Mucho de eso se había perdido — y el mismo Shyamalan — lo reconoce, cuando se estrenó la que sería su última película como director “promesa” y la que le llevaría a un ostracismo que casi destruye su carrera: The Happening de 2008, fue un desastre a todo nivel. No sólo se trataba de un argumento delirante que un guion débil era incapaz de narrar, sino además, una extraña y poco afortunada combinación de despropósitos. Desde la mediocre actuación del elenco — a Mark Wahlberg nunca se le vio peor y Zooey Deschanel parece incapaz de entender a su personaje — hasta la puesta en escena de las largas secuencias de campos barridos por el viento que debían parecer misteriosos y sólo resultaron ser aburridos, la película fue una catástrofe argumental que sepultó las expectativas sobre Shyamalan hasta convertirlo en poco menos que un paria sin mayor revelancia en el mundo en el cine.
Lo demás, fue una caída rápida hacia proyectos cada vez menos importantes y lo que resultó más grave, mucho más genéricos: The Last Airbender (basada en una caricatura de Nickelodeon) del 2010 fue criticada como una mediocre adaptación y fue un desastre en taquilla y After Earth (basada en una idea insólita y sin duda, poco sólida Will Smith) del 2013, fue considerada lo peor del año, en especial por la incapacidad de Shyamalan para narrar una historia emocional que termina por ser una combinación poco clara de géneros. “Sentí que estaba empezando a perder un poco la voz”, dijo en el 2014, en una entrevista para Variety en la que explicó tomaría “algunos meses” para descansar y dejaba entrever que tal vez, no volvería al mundo del cine. “No soy la mejor persona para trabajar en el sistema”. Pero en realidad, no se trató de una decisión que Shyamalan podía tomar. Los rumores insistían que los estudios rechazaban sus guiones, que había una evidente desconfianza en todos sus proyectos y que su carrera, se encontraba en una encrucijada difícil de definir. “No sabía si darme por vencido, seguir con un nuevo intento…o sólo asumir que había sido un golpe de suerte. “Me encuentro cuestionándome a mí mismo y a cada pensamiento que sale de mi cabeza”, dijo a Rolling Stone ese mismo año “La industria decide que no valgo nada. Soy un cuento con moraleja. Una persona que tuvo suerte por un tiempo pero se reveló a sí mismo como una farsa. . . . No creo en mí mismo”.
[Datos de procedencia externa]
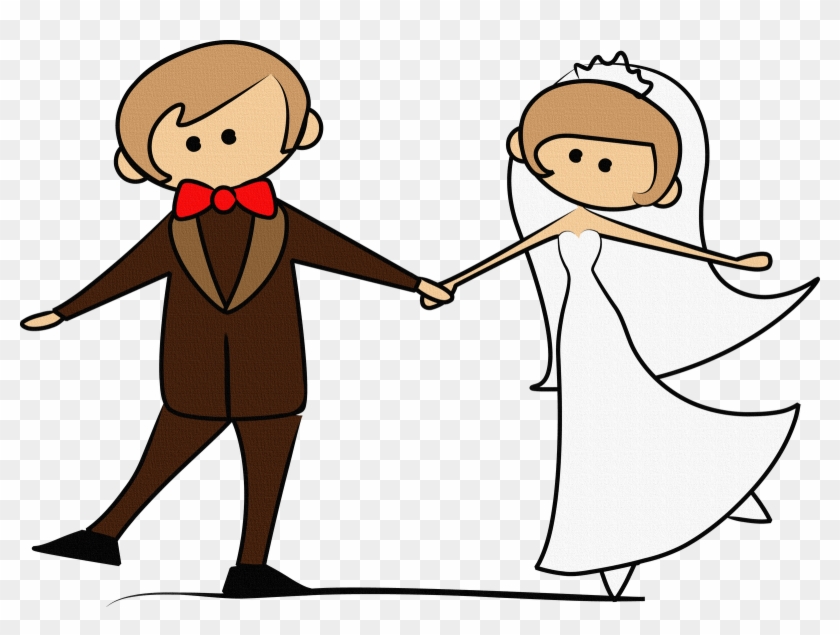 Wedding Invitation Bridegroom Marriage - Wedding Cartoon #548702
Shyamalan contaría después que una noche, quemó todas las copias de sus películas en una hoguera en el patio de su casa de las afueras de Los Angeles, en una especie de despedida ritual. “Sentí que el fuego me liberaba del miedo y también, de las expectativas. De nuevo, era el muchacho indio tratando de hacer películas” Esa noche, fue a dormir y por primera vez en casi una década y media, concilió el sueño con tranquilidad. Y soñó con dos niños que visitaban a sus abuelos. “No tenía otra imagen, otra pista sobre la historia, pero lo apunté” cuenta. “Pero sabía que podía ser un buen comienzo para algo”.